Après douze années à la tête de la ville, il devra affronter une triangulaire face à une coalition de gauche et à une liste du Rassemblement national.
Un Premier Tour Marqué Par Un Recul
Lors du premier tour organisé le 15 mars, François Bayrou est arrivé en tête avec 33,83 % des voix. Un score en baisse notable par rapport à ses performances passées : il avait obtenu 41,85 % en 2014 et 45,83 % en 2020.
Ce recul électoral est interprété par certains observateurs comme la conséquence de son passage à Matignon.
Selon l’historien Laurent Jalabert, spécialiste de la vie politique du sud-ouest, cette expérience nationale aurait « terni son image » tant au niveau local que national.
Malgré cette érosion, Bayrou reste le favori, notamment en raison de son ancrage solide dans une région historiquement attachée à la droite modérée.
Une Gauche Unie Mais Fragilisée
Face à lui, Jérôme Marbot, candidat d’une liste de gauche rassemblant socialistes et écologistes, a obtenu 26,31 % des suffrages. Il incarne une alternative crédible et mise sur un désir de changement exprimé par les électeurs.
Selon lui, « les deux tiers des Palois ont voté pour du renouveau », estimant que François Bayrou incarne désormais un pouvoir « usé ».
Cependant, la stratégie de la gauche suscite des débats. Jérôme Marbot a refusé toute fusion avec d’autres listes éliminées au premier tour, notamment celles soutenues par La France insoumise et par Pascal Boniface.
Cette décision, motivée par des divergences de principes, pourrait fragiliser ses chances.
Certains de ses anciens adversaires ont exprimé leur mécontentement, allant jusqu’à annoncer qu’ils voteraient blanc au second tour.
Le Rassemblement National S’Invite Au Second Tour
Autre fait marquant de ce scrutin : la percée du Rassemblement national. Pour la première fois à Pau, une liste RN accède au second tour avec plus de 16 % des voix.
Menée par Margaux Taillefer, une candidate de 26 ans, cette progression est perçue comme un signal fort. Jean-François Blanco, candidat soutenu par La France insoumise, parle même d’un « coup de tonnerre ».
Cette montée du RN s’explique en partie par le contexte national, mais aussi par des préoccupations sociales locales qui, selon certains, n’ont pas été suffisamment prises en compte.

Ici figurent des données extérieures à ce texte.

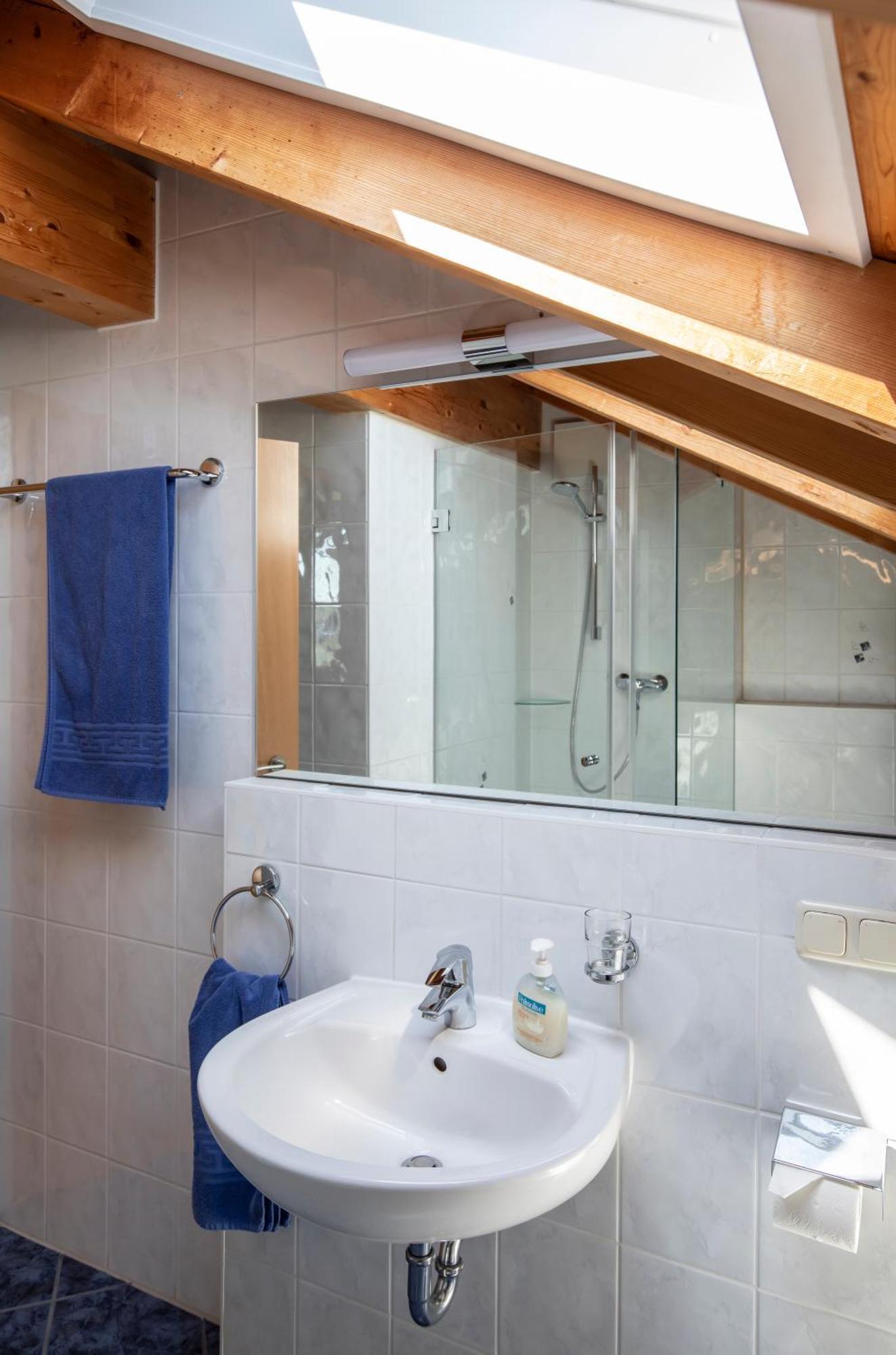 Pension Demmel, Bed & Breakfast Bruckmühl エクステリア 写真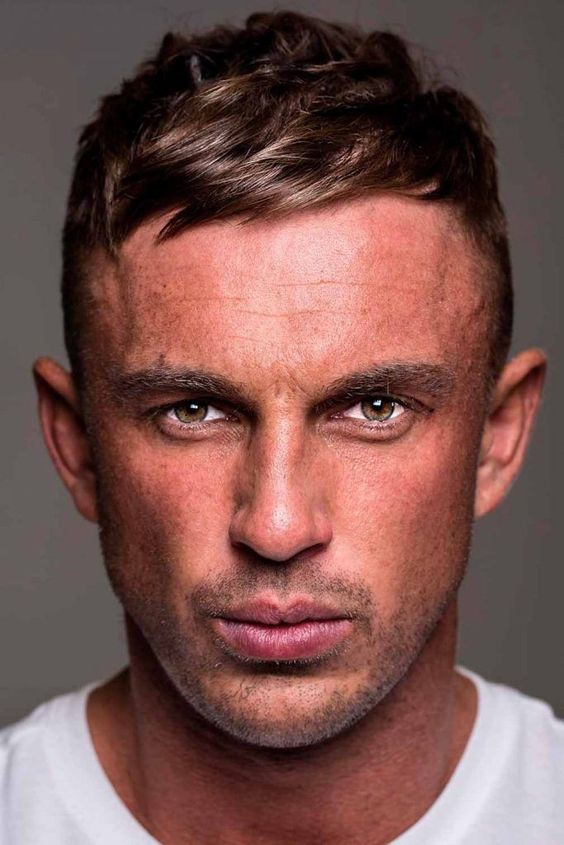 Short haircuts with bangs for men: 18 fashionable ideas in 2024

Une Triangulaire Qui Rend L’Issue Incertaine
La présence de trois listes au second tour complique considérablement l’équation électorale. En théorie, François Bayrou bénéficie d’un avantage grâce à la division de ses adversaires.
Il a également réussi à rallier Philippe Arraou, un ancien adjoint qui avait obtenu environ 6 % des voix au premier tour, renforçant ainsi sa position.
Cependant, sa marge reste plus faible que lors de ses précédentes élections. Jérôme Marbot, de son côté, se montre confiant et rappelle qu’« il n’y a pas d’arithmétique en politique », laissant entendre que les reports de voix pourraient lui être favorables.
Les élections municipales à Pau s’annoncent particulièrement serrées. Si François Bayrou conserve une position de favori, son recul au premier tour et la dynamique de ses adversaires rendent le résultat incertain.
Entre une gauche divisée mais déterminée et un Rassemblement national en progression, cette triangulaire pourrait réserver des surprises.
Le scrutin de dimanche sera donc décisif pour l’avenir politique de la ville et pour l’ancrage local d’une figure majeure de la politique française.